ASSIGNMENT:
Copy exactly the lines from the one containing "ZELLA Animal Print" through the last line of the records below, including both, and leave out any pictures.

Data entries:
---

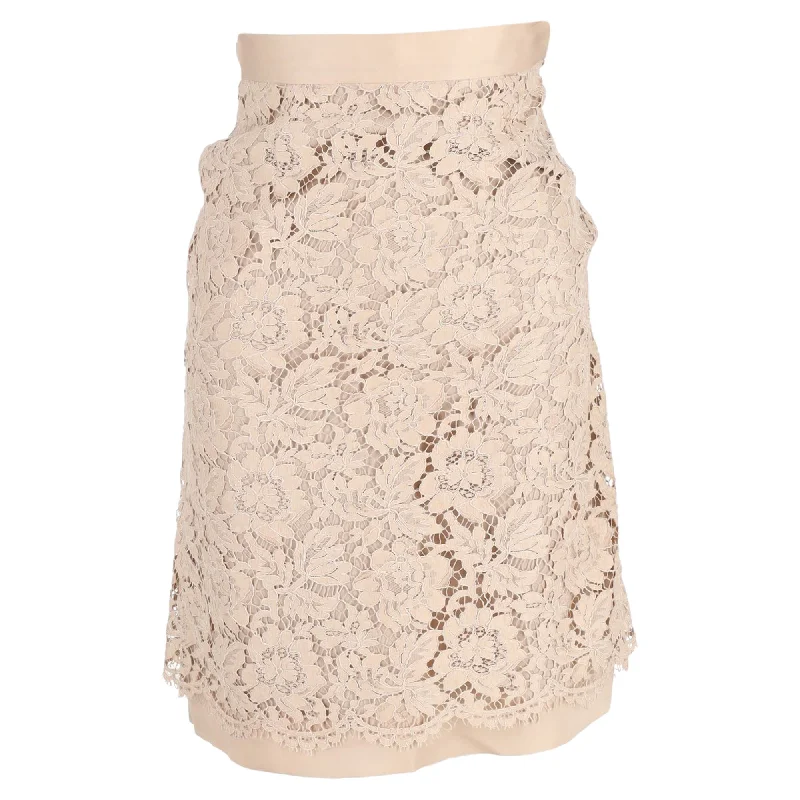 Valentino Garavani Lace Knee Length Skirt in Cream Cotton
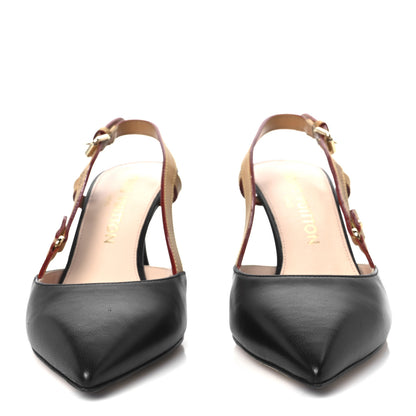 Louis Vuitton Calfskin Blossom Slingback Pump 37.5 Black 3 of 8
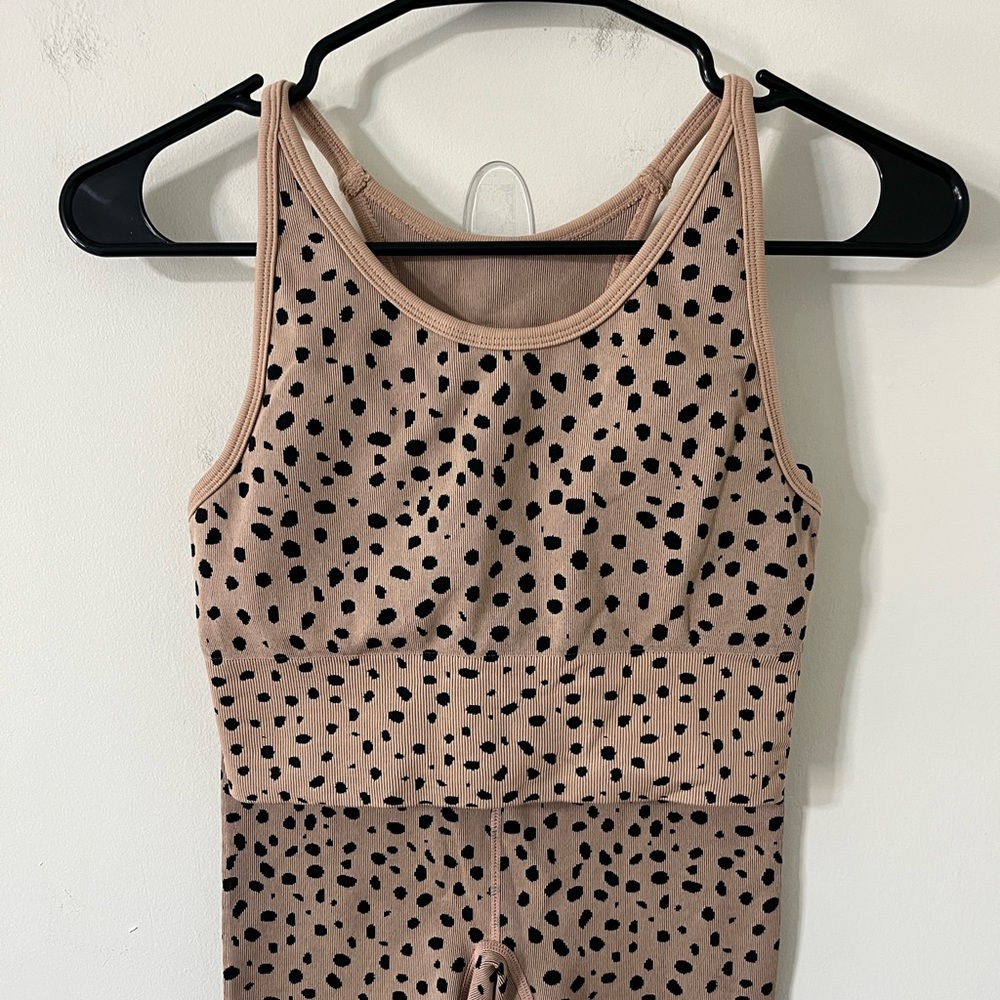 ZELLA Animal Print Elevate Seamless Tank Top Bra & Leggings Matching Set XXS - Picture 5 of 10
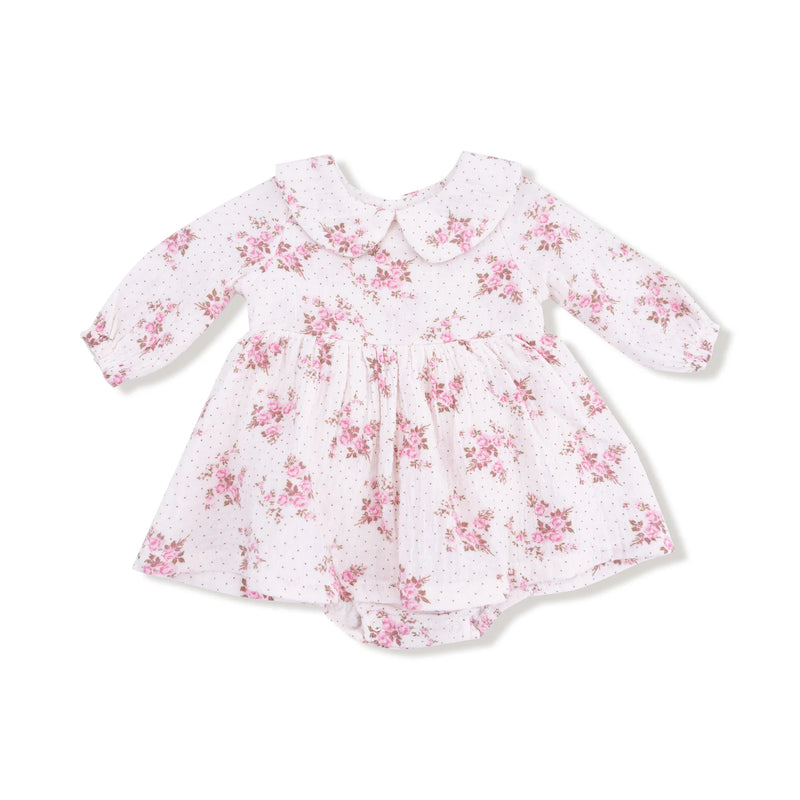Long-sleeve smocked bubble with tutu in Belle Rosette Dot print, laid flat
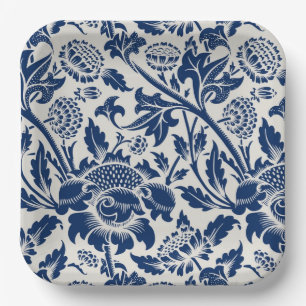 Plato De Papel Intrincado patrón floral azul sobre fondo claro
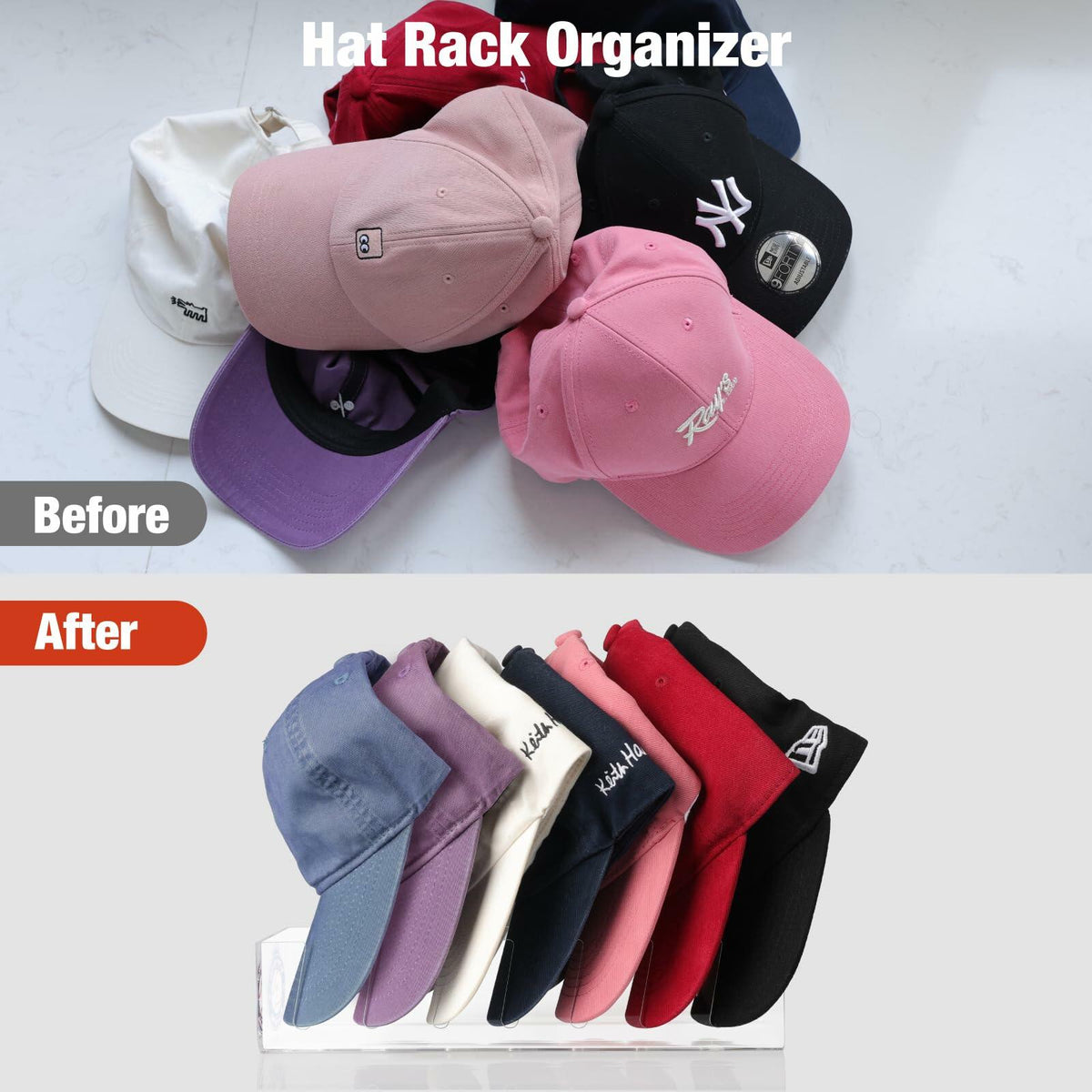 Organizador de gorras de béisbol de acrílico Donkiyana, capacidad para 14 gorras, 2 piezas, transparente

---

PROBLEM SOLUTION:
 ZELLA Animal Print Elevate Seamless Tank Top Bra & Leggings Matching Set XXS - Picture 5 of 10
Long-sleeve smocked bubble with tutu in Belle Rosette Dot print, laid flat
 Plato De Papel Intrincado patrón floral azul sobre fondo claro
 Organizador de gorras de béisbol de acrílico Donkiyana, capacidad para 14 gorras, 2 piezas, transparente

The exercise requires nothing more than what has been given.